MODE ET SOCIÉTÉ/MINI-JUPE EN AFRIQUE: Entre liberté vestimentaire et rempart culturel
Dans l’effervescence des rues, sur les campus universitaires comme dans le flux continu des vidéos TikTok, un simple morceau de tissu cristallise les débats : la mini-jupe. Loin d’être un choix anodin, le vêtement court se retrouve au cœur d’un bras de fer générationnel. Pour une partie de la jeunesse, c’est une affirmation de style et une réponse logique à la chaleur. Pour les gardiens de la tradition, c’est le symbole d’une culture qui s’étiole au contact de l’Occident.
Pour de nombreuses jeunes femmes, s’habiller court relève avant tout du pragmatisme et de l’expression de soi. Dans cette vision moderne, la garde-robe devient un espace d’autonomie où les vêtements ne sauraient dicter la moralité d’une personne.

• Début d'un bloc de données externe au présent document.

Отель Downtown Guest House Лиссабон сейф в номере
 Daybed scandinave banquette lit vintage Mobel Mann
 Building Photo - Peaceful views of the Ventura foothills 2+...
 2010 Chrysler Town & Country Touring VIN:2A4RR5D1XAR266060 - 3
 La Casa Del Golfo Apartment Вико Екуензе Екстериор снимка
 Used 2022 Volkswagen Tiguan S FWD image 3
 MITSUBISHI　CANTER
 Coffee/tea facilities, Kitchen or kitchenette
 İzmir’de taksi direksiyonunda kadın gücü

« Je ne suis pas différente des personnes qui portent des tenues dites « décentes », car le vêtement ne définit ni la personnalité ni le sérieux de quelqu’un », tranche avec assurance Mme Aurelle H.
Pour ce courant de pensée, le respect et la valeur d’un individu ne se mesurent pas à la longueur de sa jupe.
En face, d’autres voix s’élèvent pour rappeler le poids et l’importance des valeurs locales. Ce vêtement, perçu comme importé, bouscule les normes sociales établies. Issa Aboudou, étudiant à l’Université de Parakou, incarne cette posture de réserve :
« Le port de la mini-jupe n’est pas une bonne chose car, dans la société où nous vivons, nos cultures l’interdisent. »
Pour les défenseurs des traditions, l’adoption massive de la mode mondialisée crée une rupture. Ils craignent que cette tendance n’éloigne la jeunesse des patrimoines vestimentaires locaux et des modèles identitaires africains.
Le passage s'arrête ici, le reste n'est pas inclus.